# Work request:
Write out exactly the lines of the entries below from the one holding "Set mit 2 runden" to the one holding "Chinese tea table and chairs 3d model", inclusive, and leave out all other lines.

# Source information:
=== Begin Enclosure ===
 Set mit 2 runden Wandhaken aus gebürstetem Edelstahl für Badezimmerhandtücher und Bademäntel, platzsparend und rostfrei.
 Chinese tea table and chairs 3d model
=== End Enclosure ===
=== Begin Enclosure ===
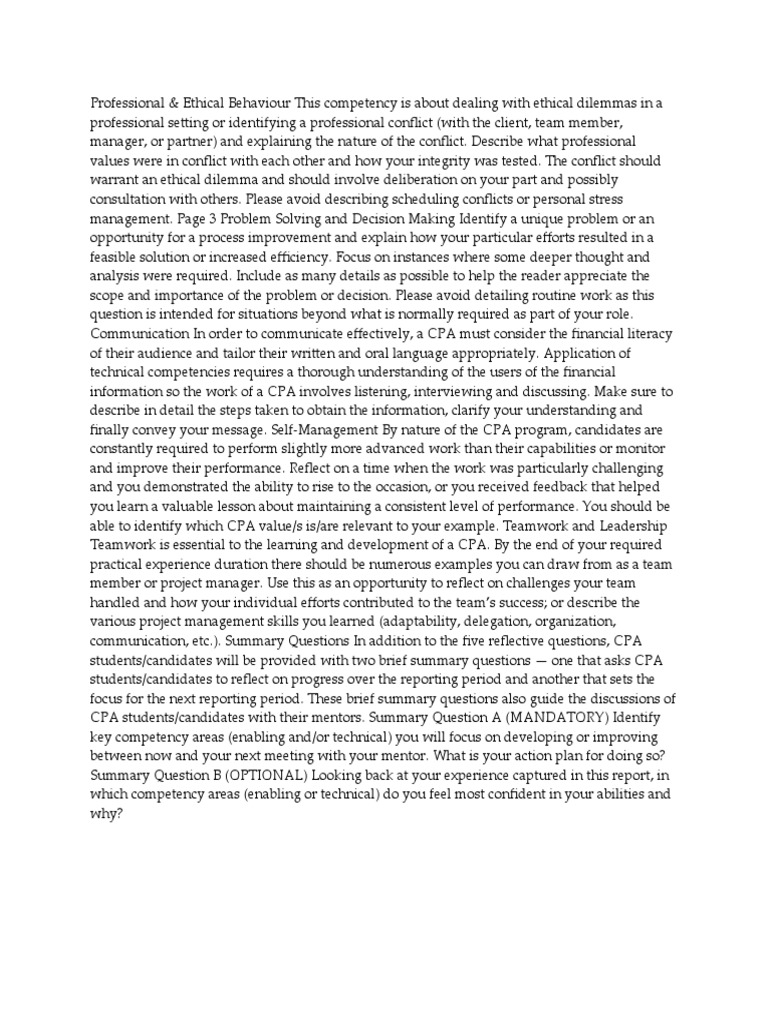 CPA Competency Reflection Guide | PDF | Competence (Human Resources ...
=== End Enclosure ===
# Answer section:
 Set mit 2 runden Wandhaken aus gebürstetem Edelstahl für Badezimmerhandtücher und Bademäntel, platzsparend und rostfrei.
 Chinese tea table and chairs 3d model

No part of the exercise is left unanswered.